The second is about Tracy Austin. The riff here is that overachieving sporting 'geniuses' are absent all introspection, and can't write, and that this is somehow mysterious and disconcerting (at least until he has written an essay about it) to an everyday, run of the mill, non-overachieving guy like David Foster Wallace. Duh - see previous paragraph.

All very well for while, but you wouldn't want to _live_ under Niagara.

If you Google the cross of "David Foster Wallace" and "Wile E. Coyote", you currently get fifty or so hits. The truth is out there.
2006-06-28
Consider the Author
I read so many books that I rarely read one that I would consider the "page turner." CONSIDER THE LOBSTER not only fits into that rare catagory, but it is a work of non-fiction, the half of the bookstore I barely read.

David Foster Wallace's essays cover a large range of topics with a sort of disbelief; his irony and rhetoric monitors are turned on high. The most interesting aspect of this collection is not that the topics are thoroughly explored and grippig, but that the reader can start to sense what kind of person David Foster Wallace is.
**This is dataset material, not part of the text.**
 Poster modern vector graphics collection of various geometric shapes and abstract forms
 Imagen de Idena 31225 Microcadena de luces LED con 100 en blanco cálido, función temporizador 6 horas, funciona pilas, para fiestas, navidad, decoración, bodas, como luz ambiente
This collection has commissioned pieces from "Premiere", "Rolling Stone", and "Gourmet" and all three essays prove that DFW does not enjoy social gatherings, has no use for topics like porn, politics, and food (how much of a difference is there between these three?) but has the capabilty to find enough things to write about that the printed article has to be cut to fit the magazine's space (in the case of "Rolling Stone", the piece DFW turns in is so large that it would take the entire print portion of the magazine and some of the ads.) Even still his relative boredom and disgust does not get hidden by any means. The best example of this is "Big Red Son", the essay written for "Premiere", which is him attending the 1998 Adult Video News Awards. Throughout the essay, you can tell that DFW is not amused or entertained by the movies or adult film stars but feels rather lonely in this setting.

His lack of enthusiasm in his commissioned pieces drive them the same way his enthusiasm drives his more literary explorations.

The best essay in the collection "Authority and American Usage" works because DFW is so engrossed in the material (the language battles) and his final assessment that the long essay (over sixty pages) is engaging enough to read in one setting. The idea that he is more interested in literary thought than worldly thought carries over into "Joseph Frank's Dostoevsky" and "Some Remarks on Kafka's Funniness From Which Probably Not Enough Has Been Removed", both of which display more thought and interest by DFW than his more regular subjects.

As a whole this collection represents David Foster Walace as a more interesting and talented writer than many others, and CONSIDER THE LOBSTER is further proof of his genius. (He did win the grant.)